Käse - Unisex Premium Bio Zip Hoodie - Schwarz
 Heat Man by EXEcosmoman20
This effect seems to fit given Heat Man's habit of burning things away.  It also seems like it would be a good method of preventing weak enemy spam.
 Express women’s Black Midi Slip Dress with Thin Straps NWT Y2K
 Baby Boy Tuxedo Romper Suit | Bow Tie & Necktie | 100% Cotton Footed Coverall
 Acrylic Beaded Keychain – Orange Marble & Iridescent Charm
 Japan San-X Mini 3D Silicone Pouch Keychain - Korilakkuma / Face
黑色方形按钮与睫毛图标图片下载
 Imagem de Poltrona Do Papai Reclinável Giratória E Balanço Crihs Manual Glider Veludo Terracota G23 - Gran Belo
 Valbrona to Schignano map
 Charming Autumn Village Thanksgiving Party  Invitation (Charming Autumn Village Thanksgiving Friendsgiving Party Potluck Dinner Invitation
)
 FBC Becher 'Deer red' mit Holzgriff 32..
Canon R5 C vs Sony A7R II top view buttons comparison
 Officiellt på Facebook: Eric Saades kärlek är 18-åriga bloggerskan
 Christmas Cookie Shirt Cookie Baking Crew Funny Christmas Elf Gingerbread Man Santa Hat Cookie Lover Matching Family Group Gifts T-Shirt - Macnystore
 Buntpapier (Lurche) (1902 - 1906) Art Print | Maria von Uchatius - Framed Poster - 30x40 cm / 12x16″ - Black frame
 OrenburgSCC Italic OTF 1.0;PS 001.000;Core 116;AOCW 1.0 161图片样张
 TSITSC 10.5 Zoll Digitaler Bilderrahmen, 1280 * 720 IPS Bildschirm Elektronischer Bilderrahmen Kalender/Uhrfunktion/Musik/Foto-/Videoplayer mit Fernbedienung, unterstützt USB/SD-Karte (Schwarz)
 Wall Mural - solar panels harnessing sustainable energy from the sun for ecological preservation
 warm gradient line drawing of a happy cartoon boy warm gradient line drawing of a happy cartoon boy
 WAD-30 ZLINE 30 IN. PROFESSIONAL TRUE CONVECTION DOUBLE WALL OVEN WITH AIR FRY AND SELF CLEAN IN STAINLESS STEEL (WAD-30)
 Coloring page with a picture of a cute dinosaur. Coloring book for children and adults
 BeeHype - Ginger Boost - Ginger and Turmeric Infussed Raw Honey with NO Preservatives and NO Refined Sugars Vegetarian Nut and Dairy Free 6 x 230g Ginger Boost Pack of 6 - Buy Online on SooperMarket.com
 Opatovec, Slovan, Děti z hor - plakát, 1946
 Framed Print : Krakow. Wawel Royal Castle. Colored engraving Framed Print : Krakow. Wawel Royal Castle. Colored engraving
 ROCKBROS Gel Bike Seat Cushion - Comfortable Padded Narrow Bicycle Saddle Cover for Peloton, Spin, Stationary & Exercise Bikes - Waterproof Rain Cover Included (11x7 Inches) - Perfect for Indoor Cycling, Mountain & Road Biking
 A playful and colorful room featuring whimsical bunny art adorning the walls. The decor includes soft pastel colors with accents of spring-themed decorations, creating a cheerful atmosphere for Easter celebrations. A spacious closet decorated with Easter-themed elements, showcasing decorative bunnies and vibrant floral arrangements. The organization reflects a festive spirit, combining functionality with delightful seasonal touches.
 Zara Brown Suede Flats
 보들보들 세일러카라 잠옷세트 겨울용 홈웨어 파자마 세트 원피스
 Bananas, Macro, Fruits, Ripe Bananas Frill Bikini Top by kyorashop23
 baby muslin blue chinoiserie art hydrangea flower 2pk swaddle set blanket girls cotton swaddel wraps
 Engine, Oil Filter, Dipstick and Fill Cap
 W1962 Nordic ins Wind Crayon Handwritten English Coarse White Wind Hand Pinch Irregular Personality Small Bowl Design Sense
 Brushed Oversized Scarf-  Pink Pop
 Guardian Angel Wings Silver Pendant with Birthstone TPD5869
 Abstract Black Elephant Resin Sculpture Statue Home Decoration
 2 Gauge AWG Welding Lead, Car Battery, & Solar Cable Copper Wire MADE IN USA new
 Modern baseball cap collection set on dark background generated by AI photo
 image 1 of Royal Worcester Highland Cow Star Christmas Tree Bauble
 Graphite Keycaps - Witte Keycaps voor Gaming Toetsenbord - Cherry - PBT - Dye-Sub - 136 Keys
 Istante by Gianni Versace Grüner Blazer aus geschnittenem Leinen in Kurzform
···
**DIRECTIONS FOR THIS TASK:** Here the job is to output the lines from the start of the material through the line with "Wall Mural - solar", inclusive, exactly and with nothing else.

**WRITTEN ANSWER:**
Käse - Unisex Premium Bio Zip Hoodie - Schwarz
 Heat Man by EXEcosmoman20
This effect seems to fit given Heat Man's habit of burning things away.  It also seems like it would be a good method of preventing weak enemy spam.
 Express women’s Black Midi Slip Dress with Thin Straps NWT Y2K
 Baby Boy Tuxedo Romper Suit | Bow Tie & Necktie | 100% Cotton Footed Coverall
 Acrylic Beaded Keychain – Orange Marble & Iridescent Charm
 Japan San-X Mini 3D Silicone Pouch Keychain - Korilakkuma / Face
黑色方形按钮与睫毛图标图片下载
 Imagem de Poltrona Do Papai Reclinável Giratória E Balanço Crihs Manual Glider Veludo Terracota G23 - Gran Belo
 Valbrona to Schignano map
 Charming Autumn Village Thanksgiving Party  Invitation (Charming Autumn Village Thanksgiving Friendsgiving Party Potluck Dinner Invitation
)
 FBC Becher 'Deer red' mit Holzgriff 32..
Canon R5 C vs Sony A7R II top view buttons comparison
 Officiellt på Facebook: Eric Saades kärlek är 18-åriga bloggerskan
 Christmas Cookie Shirt Cookie Baking Crew Funny Christmas Elf Gingerbread Man Santa Hat Cookie Lover Matching Family Group Gifts T-Shirt - Macnystore
 Buntpapier (Lurche) (1902 - 1906) Art Print | Maria von Uchatius - Framed Poster - 30x40 cm / 12x16″ - Black frame
 OrenburgSCC Italic OTF 1.0;PS 001.000;Core 116;AOCW 1.0 161图片样张
 TSITSC 10.5 Zoll Digitaler Bilderrahmen, 1280 * 720 IPS Bildschirm Elektronischer Bilderrahmen Kalender/Uhrfunktion/Musik/Foto-/Videoplayer mit Fernbedienung, unterstützt USB/SD-Karte (Schwarz)
 Wall Mural - solar panels harnessing sustainable energy from the sun for ecological preservation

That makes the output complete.